Music Room = Guitar/Keyboard learning and music listening.
and i want to use relaxing colors. like.. light purple.. light green..
no black, red, orange etc. plzz


----------



## damngoodman999 (Sep 13, 2009)

Rockstar11 said:


> No Home theater effect.
> Music Room = Guitar/Keyboard learning and music listening.
> and i want to use relaxing colors. like.. light purple.. light green..
> no black, red, orange etc. plzz



Wow thats awesome thing , u wana take out in listening the music - i too had a problem wen painting my room , i too like the atmosphere wen hearing music  - go green with sky blue & wat abt the wall lamps do u have ??


----------



## Rockstar11 (Sep 13, 2009)

no wall lamps right now.. 
only Tube light


----------



## Cool G5 (Sep 13, 2009)

According to analysts, REd & Orange shades bring out creativity. Yellow is for passion.
I would advise you a sunset yellow which will be light enough & not too dark. It should do fine.

If you're strictly against Red, Yellow Or Orange then go for Light Green.


----------



## damngoodman999 (Sep 13, 2009)

^^ yellow & orange looks classy , but relaxing & fresh mind some fresh colors are needed for him


----------



## Krow (Sep 14, 2009)

Why not orange as in vermillion?


----------



## thewisecrab (Sep 14, 2009)

IMO it shouldn't matter really. If you are musically inclined, you should (and will) be able to create notes wherever you are.
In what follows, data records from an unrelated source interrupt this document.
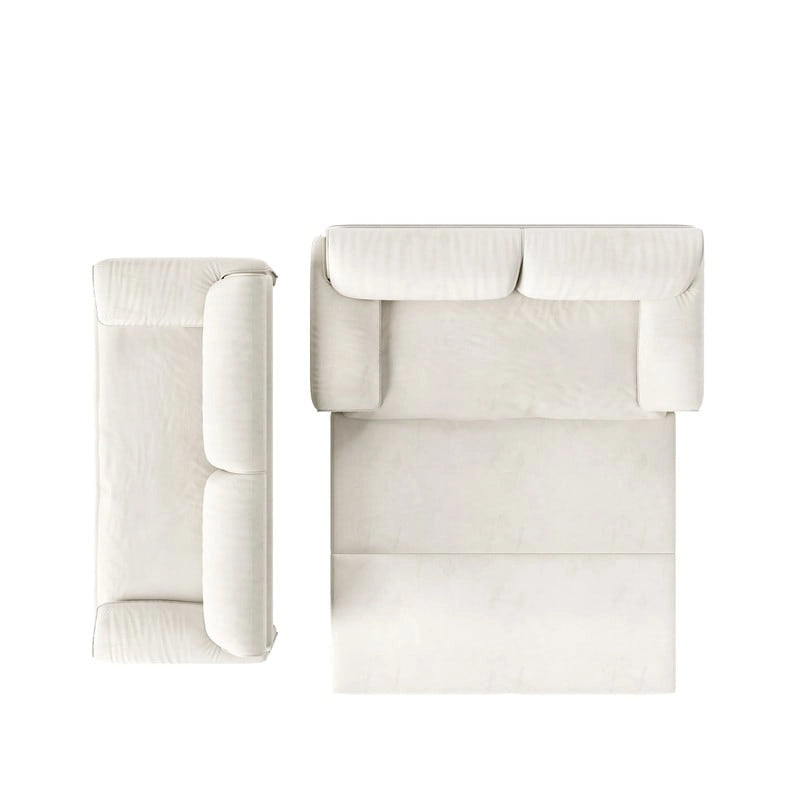 Sofá Cama Queen de 66 pulgadas con Sofá Convertible 3 en 1 y Almacenamiento Lateral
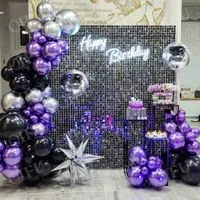 Vente en gros Purple Foil Balloons à bas prix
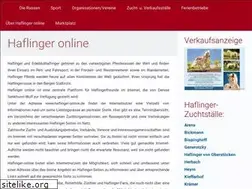 Sites similar to haflinger-online.de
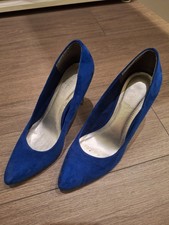 Pumps 37 Blau, Damen, High Heels 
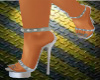 FB elegant silver heels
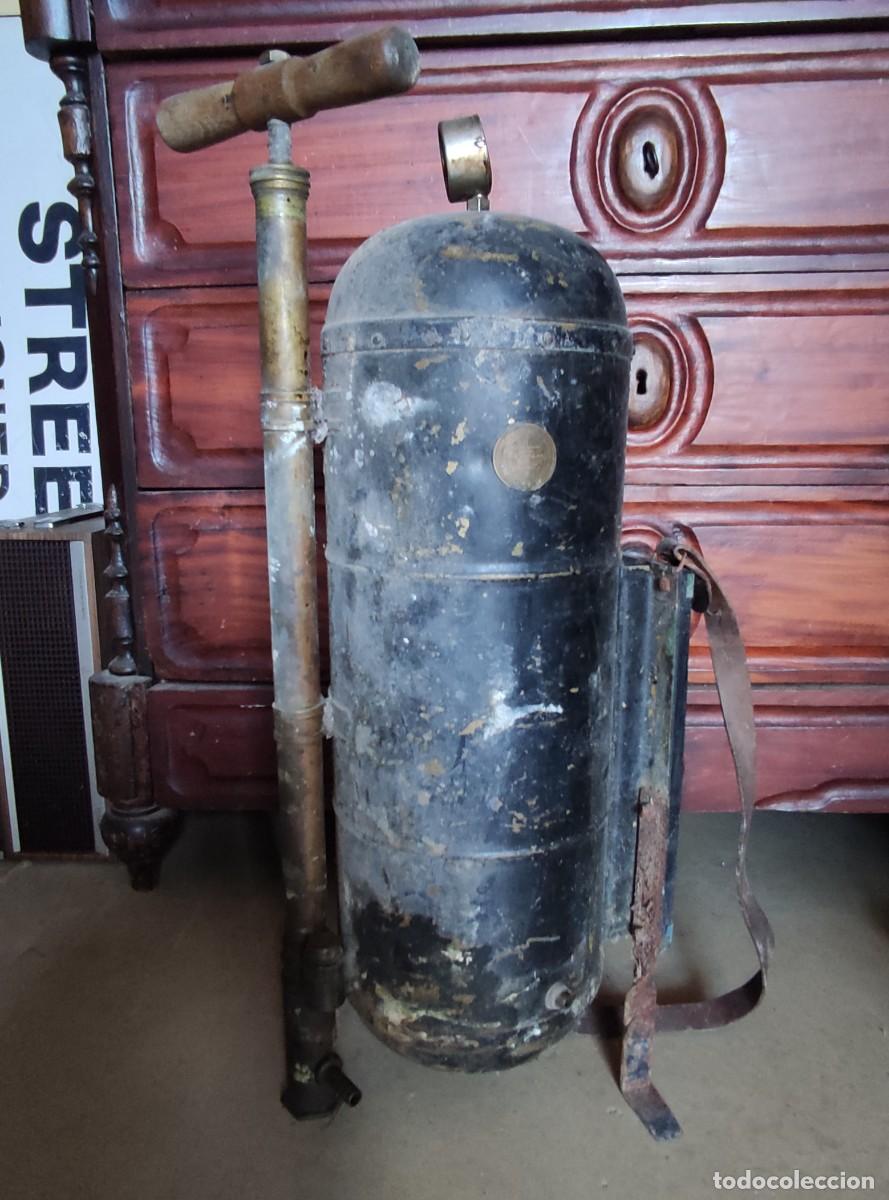 Antig&uuml;edades: Sulfatadora muratort - Foto 3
Even So, go for light colours that are easy on the eye.


----------



## Cool G5 (Sep 14, 2009)

I think Lavender should be good too unless you start thinking its too feminine.


----------



## Anorion (Sep 14, 2009)

Blue. Dark Blue if possible.


----------



## ratedrsuperstar (Sep 18, 2009)

go with the indie color.cream white


----------



## iinfi (Sep 18, 2009)

*th05.deviantart.net/fs19/300W/i/2007/296/e/3/___VIBGYOR___EXTREME_PACK____by_anuranjanbhatia.jpg

 

for rock n metal ...


----------